Às 16:43 de 12/11/2020, Joseph Eisenberg escreveu:

Since the tag man_made=threshing_floor has already been used 7 times
(https://taginfo.openstreetmap.org/search?q=threshing_floor#values)
you can create a page to document this, however, you would also need
to mention that historic=threshing_floor is much more common
(actually landuse=threshing_floor is also equally common), and it
would probably be fair to create a historic=threshing_floor wiki page
too, in that case.

If you want to suggest deprecating historic=threshing_floor and
replacing it with man_made=threshing_floor, or otherwise changing
existing common usage, you should make a proposal so that the
community can discuss this.

-- Joseph Eisenberg

On Wed, Nov 11, 2020 at 2:53 PM António Madeira via Tagging
mailto:tagging@openstreetmap.org>> wrote:

So, given that most of those who commented this thread agreed
that threshing_floor should be in the man_made scheme, should I
add it to the wiki or create a Feature Proposal?

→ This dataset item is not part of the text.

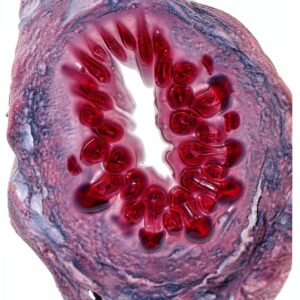 Medical Parasitology Atlas Kindle Edition English Print-0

Às 19:27 de 06/11/2020, Paul Allen escreveu:

On Fri, 6 Nov 2020 at 21:53, Martin Koppenhoefer
mailto:dieterdre...@gmail.com>> wrote:

Am Fr., 6. Nov. 2020 um 13:56 Uhr schrieb Paul Allen
mailto:pla16...@gmail.com>>:

On Fri, 6 Nov 2020 at 09:09, Martin Koppenhoefer
mailto:dieterdre...@gmail.com>>
wrote:

...

To me it doesn't make sense to draw a line, dividing
the same objects having more or less historic value.
If there is something to distinguish at all, my
suggestion would be to add a qualifier to those
objects of exceptional historical value (if this is
verifiable).


We have a way of tagging objects of exceptional
historical value, it's
historic=*.  Objects of unexceptional historical value,
or of no historical
value do not get tagged with historic=*.  That's because
historic is
not a synonym (in the real world or in tagging) for old,
disused or
repurposed.


just that it is not what we are currently doing.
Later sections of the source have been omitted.